Given information:

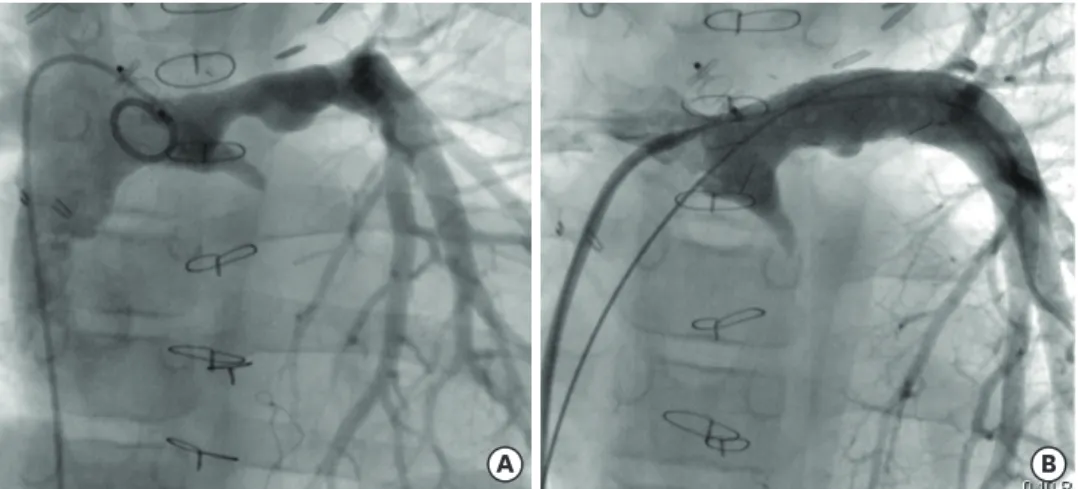 Figure 1. (A) Catheterization after Fontan operation demonstrated multiple narrowings of the LPA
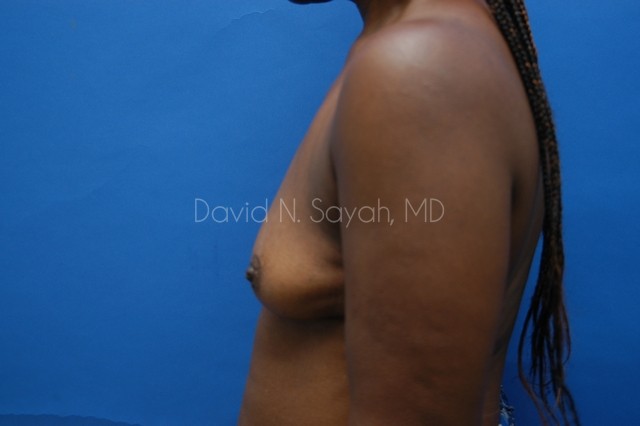 Breast Implant Revision Before and After | Sayah Institute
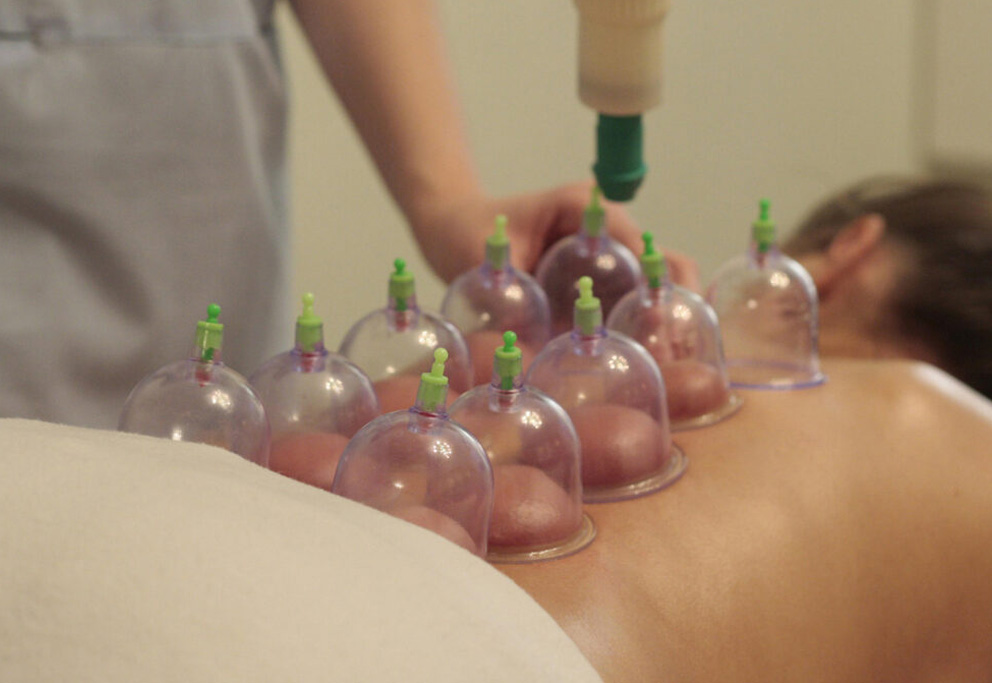 Cupping courses are available at Touch Tuina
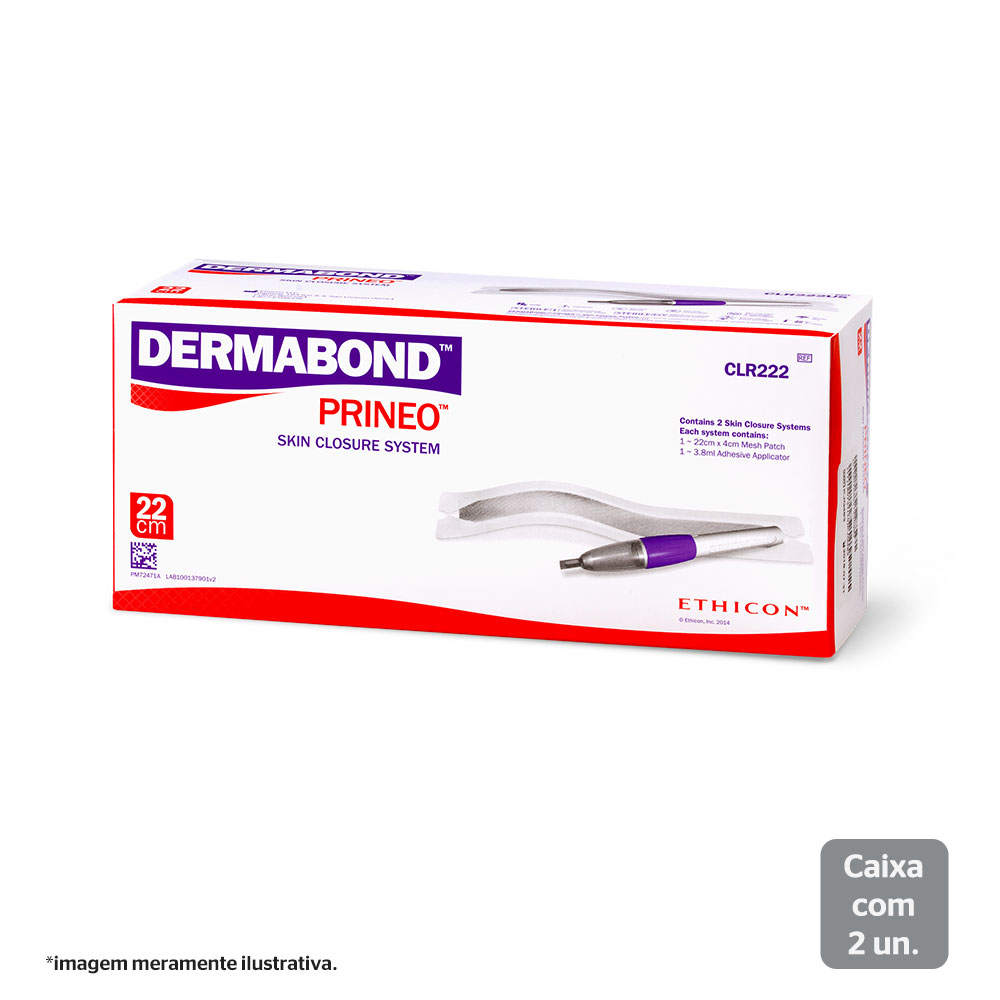 CLR222 | DERMABOND PRINEO 22 CM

Your goal: Set down the data above exactly as written. Omit the pictures.

Result for this exercise:
 Figure 1. (A) Catheterization after Fontan operation demonstrated multiple narrowings of the LPA
 Breast Implant Revision Before and After | Sayah Institute
 Cupping courses are available at Touch Tuina
 CLR222 | DERMABOND PRINEO 22 CM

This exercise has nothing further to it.